In late July 2011, I bring home the sealed black box containing my daughter’s ashes, and assemble a small altar in the living room, above the TV. Around the box I place photographs, daisies, chocolates, Marika’s stuffed Puppy, and two Lonely Planet Guides to Australia. The first summer without Marika is half over when I finally end my travels. I hadn’t found her anywhere else in the world. The box is where she lives now. Each day I stand before it wishing Marika good morning and goodnight. Her ashes are not just dust. The ashes are her, humming and dancing inside the box, watching me come and go.

With Rachel’s help, I clear out most of Marika’s bedroom in the house. Then, in a reckless determination to purge, I attack the attic, my son’s sprawl of accumulated stuff, and my own closets. I sell off my father’s stamp collection and deposit carloads of clothing and toys at the Salvation Army. It all has to go. The only things I want are Marika’s words. And once they are photo-copied, I send the original journals off with Rachel to give to Marika’s father. Then Rachel and I empty Marika’s bedroom at the apartment she shared with friends.

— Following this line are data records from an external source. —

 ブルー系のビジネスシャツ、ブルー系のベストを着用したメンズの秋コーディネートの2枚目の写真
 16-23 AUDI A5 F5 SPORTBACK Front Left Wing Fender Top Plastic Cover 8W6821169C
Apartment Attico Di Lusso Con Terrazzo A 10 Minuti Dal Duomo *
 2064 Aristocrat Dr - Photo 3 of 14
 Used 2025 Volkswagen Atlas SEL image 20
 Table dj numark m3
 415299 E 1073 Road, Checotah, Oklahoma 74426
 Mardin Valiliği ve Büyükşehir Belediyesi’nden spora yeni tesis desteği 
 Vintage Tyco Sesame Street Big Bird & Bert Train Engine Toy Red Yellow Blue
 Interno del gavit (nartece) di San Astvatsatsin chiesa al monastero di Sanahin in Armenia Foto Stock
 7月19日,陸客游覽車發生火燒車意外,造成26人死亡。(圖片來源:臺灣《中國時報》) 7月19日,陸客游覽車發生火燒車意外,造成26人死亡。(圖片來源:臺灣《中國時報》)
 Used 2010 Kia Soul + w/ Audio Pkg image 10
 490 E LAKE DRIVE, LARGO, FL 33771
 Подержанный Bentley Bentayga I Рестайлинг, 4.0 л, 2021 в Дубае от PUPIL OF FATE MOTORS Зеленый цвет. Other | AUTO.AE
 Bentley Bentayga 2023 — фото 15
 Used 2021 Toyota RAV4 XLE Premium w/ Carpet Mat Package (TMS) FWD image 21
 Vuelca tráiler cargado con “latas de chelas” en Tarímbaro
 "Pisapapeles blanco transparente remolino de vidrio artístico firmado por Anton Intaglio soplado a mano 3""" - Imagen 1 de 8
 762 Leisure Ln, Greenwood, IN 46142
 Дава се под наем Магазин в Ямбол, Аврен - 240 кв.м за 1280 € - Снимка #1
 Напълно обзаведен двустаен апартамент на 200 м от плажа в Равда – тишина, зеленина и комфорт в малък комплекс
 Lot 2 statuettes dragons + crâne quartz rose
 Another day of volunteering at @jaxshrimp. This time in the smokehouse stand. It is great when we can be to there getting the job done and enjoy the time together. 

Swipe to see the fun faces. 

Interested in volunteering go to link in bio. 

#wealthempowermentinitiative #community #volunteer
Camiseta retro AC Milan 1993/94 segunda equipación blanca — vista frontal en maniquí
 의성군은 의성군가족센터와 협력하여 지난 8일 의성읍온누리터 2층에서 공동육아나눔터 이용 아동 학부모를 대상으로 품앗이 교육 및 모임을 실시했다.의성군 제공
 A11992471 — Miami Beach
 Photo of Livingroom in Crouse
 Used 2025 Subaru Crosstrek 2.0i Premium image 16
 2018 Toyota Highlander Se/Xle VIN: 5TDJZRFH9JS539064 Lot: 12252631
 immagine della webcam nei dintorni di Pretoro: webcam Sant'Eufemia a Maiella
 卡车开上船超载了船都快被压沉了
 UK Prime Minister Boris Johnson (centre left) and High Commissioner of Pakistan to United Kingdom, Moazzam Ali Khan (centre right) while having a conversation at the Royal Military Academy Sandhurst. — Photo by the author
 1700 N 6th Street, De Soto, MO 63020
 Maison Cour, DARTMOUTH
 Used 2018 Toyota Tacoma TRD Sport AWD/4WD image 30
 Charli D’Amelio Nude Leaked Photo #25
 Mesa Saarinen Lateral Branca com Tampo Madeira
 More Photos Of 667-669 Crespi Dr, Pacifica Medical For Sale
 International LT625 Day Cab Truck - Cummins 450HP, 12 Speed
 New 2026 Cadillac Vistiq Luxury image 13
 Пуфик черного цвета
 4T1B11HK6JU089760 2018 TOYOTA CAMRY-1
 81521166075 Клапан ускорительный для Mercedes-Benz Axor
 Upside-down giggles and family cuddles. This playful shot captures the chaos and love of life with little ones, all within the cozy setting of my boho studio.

“What’s up with you?” I ask her. Rachel looks like a wounded animal. “Are you okay?” My eyes are drawn to the silver Tiffany’s necklace she wears, the one Laurie gave Marika for graduation.
“I’m not with my boyfriend anymore,” she says.
“Should I say sorry or congratulations? Well, either way, congratulations. ‘Cause you’re with you.” It’s what I say to anyone who tells me she’s survived a separation and is suddenly single or alone. It’s what I tell myself: You still have you. But I don’t recognize this as a gift yet. I feel I’m only a ghost of the person I was before. And it’s still hard to face people. I’m sure there is whispering and pointing just beyond my earshot and sight. Like last year, at a party, when my friend Andrea nodded discreetly in the direction of an acquaintance, “Do you see that woman? She’s been through hell and back, and she looks it.” I’d regarded the blinking, quivering woman who did indeed look like she’d fallen to Earth from outer space, breaking the sound barrier, her heart, and every moving part of her in the fall. Is that what I look like now? Floundering and crazed?

After Rachel and I bag the last of Marika’s shoes, I wash my hands singing “Happy Birthday” twice to Marika, and consider the strange haunted face in the mirror. Red rheumy eyes stare back. Graying roots jeer at me. Ugh. This has to go too.

Then, in early August, on a Sunday morning hike with Suki and friends, I fall in a slippery stream bed, and break my wrist. Right away I know it’s fractured although it is the first bone I’ve ever broken.
“Go. Get back to enjoying your Sunday,” I tell my friends who take Suki and drop me off at the hospital. “I’ll be fine.” But I am not fine. It’s my first time back at a hospital since Marika died. Waiting alone in the ER, I break down in howls. All the tears I had stuffed away for months each time I bravely faced the world beyond home, come gushing out of me. Marika’s supposed to be here, not me.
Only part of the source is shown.